ACTIVITY | In the entries below, which lines run from the one with "2024 Harley-Davidson® FLTRT - Road Glide® 3" through the one with "Батареи чугунные несколько видов секций."? Repeat exactly those, both included, and no pictures.

DATA PROVIDED |
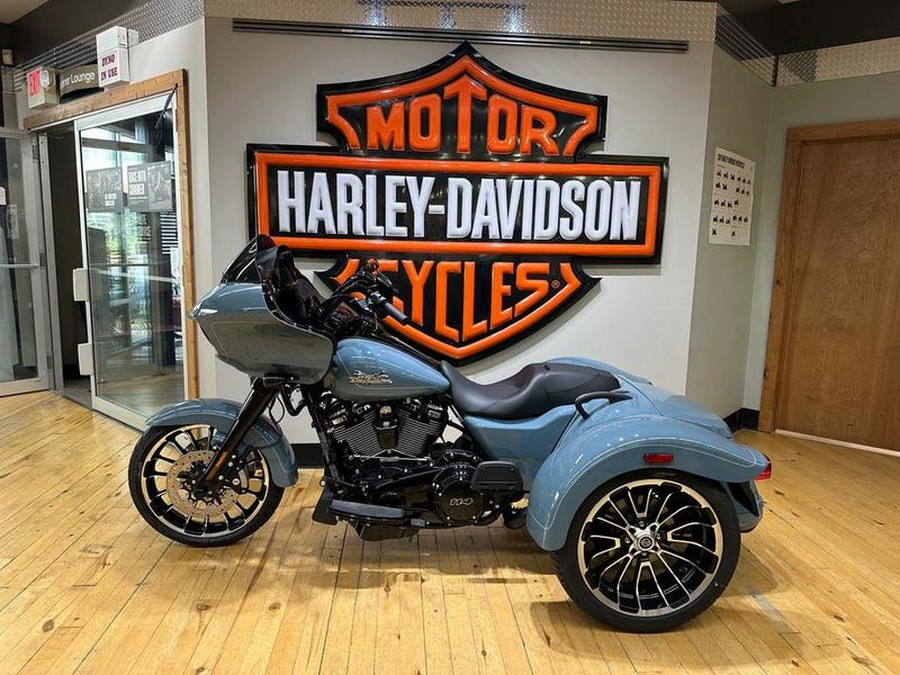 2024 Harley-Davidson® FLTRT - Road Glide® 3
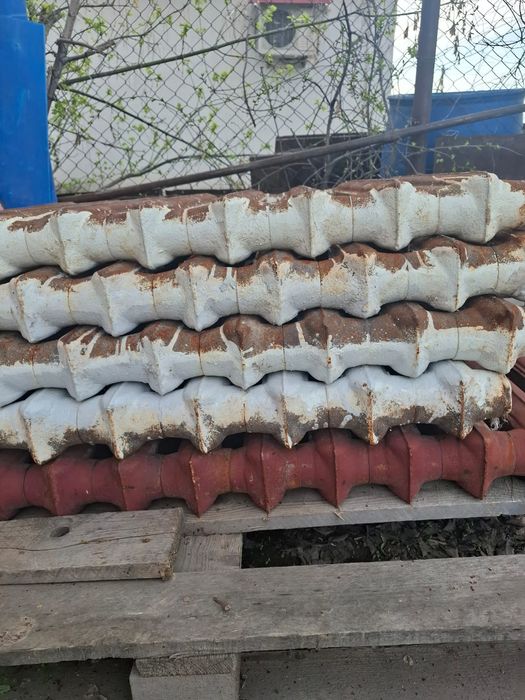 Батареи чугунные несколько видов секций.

==

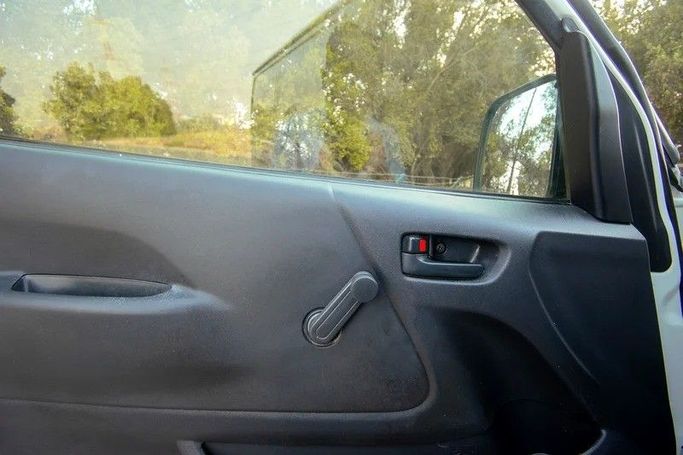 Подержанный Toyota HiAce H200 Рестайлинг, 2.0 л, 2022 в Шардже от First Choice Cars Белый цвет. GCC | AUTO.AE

ANSWER BOX |
 2024 Harley-Davidson® FLTRT - Road Glide® 3
 Батареи чугунные несколько видов секций.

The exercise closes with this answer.